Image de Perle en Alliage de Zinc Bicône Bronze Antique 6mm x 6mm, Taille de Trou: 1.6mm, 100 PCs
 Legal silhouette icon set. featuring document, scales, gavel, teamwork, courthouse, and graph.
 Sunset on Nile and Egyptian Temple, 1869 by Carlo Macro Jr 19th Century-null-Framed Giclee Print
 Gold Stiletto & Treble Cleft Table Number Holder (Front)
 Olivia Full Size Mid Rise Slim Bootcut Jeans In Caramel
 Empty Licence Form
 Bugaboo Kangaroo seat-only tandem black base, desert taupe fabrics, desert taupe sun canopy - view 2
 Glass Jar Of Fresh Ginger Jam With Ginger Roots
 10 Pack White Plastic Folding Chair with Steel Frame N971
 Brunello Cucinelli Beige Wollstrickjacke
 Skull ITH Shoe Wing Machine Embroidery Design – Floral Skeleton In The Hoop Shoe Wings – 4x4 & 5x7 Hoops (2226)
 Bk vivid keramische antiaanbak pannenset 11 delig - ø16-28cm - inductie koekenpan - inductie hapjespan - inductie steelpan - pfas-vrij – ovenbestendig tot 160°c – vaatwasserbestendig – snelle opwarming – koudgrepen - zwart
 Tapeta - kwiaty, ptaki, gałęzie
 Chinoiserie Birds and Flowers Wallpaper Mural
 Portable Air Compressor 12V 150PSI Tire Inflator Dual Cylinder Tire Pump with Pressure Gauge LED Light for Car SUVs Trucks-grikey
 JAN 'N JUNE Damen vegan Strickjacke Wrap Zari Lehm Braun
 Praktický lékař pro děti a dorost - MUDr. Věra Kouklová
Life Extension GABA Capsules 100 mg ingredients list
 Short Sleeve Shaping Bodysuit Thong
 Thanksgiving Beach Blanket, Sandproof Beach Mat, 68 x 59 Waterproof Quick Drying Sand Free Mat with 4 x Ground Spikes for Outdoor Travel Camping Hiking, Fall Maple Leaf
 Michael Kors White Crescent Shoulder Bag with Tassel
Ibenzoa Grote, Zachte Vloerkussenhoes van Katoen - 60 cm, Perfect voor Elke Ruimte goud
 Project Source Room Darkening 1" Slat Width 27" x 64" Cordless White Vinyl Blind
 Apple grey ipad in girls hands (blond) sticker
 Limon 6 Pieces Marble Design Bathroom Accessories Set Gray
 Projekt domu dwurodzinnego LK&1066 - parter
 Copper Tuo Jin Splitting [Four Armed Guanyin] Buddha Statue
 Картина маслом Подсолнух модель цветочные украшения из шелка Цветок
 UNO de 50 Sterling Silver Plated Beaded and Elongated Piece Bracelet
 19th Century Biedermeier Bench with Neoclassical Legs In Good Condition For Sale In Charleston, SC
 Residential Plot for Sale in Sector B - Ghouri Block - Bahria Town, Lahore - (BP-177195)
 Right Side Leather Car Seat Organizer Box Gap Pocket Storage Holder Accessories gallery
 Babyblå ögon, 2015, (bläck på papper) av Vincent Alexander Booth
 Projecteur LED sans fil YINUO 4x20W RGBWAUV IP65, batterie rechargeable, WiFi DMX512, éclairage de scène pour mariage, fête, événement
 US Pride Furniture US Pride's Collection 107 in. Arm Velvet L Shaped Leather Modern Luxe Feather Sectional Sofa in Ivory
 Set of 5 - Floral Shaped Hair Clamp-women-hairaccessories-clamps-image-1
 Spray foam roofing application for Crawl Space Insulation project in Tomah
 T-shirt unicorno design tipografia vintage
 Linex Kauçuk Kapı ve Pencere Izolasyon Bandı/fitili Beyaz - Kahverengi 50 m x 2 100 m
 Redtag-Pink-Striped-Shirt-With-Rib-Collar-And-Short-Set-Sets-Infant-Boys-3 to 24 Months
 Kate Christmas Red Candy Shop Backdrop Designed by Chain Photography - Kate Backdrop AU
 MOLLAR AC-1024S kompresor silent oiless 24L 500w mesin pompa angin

━━━━━━━━

Where does the string "Century" occur in the data above? Copy every line that holds it.

 Sunset on Nile and Egyptian Temple, 1869 by Carlo Macro Jr 19th Century-null-Framed Giclee Print
 19th Century Biedermeier Bench with Neoclassical Legs In Good Condition For Sale In Charleston, SC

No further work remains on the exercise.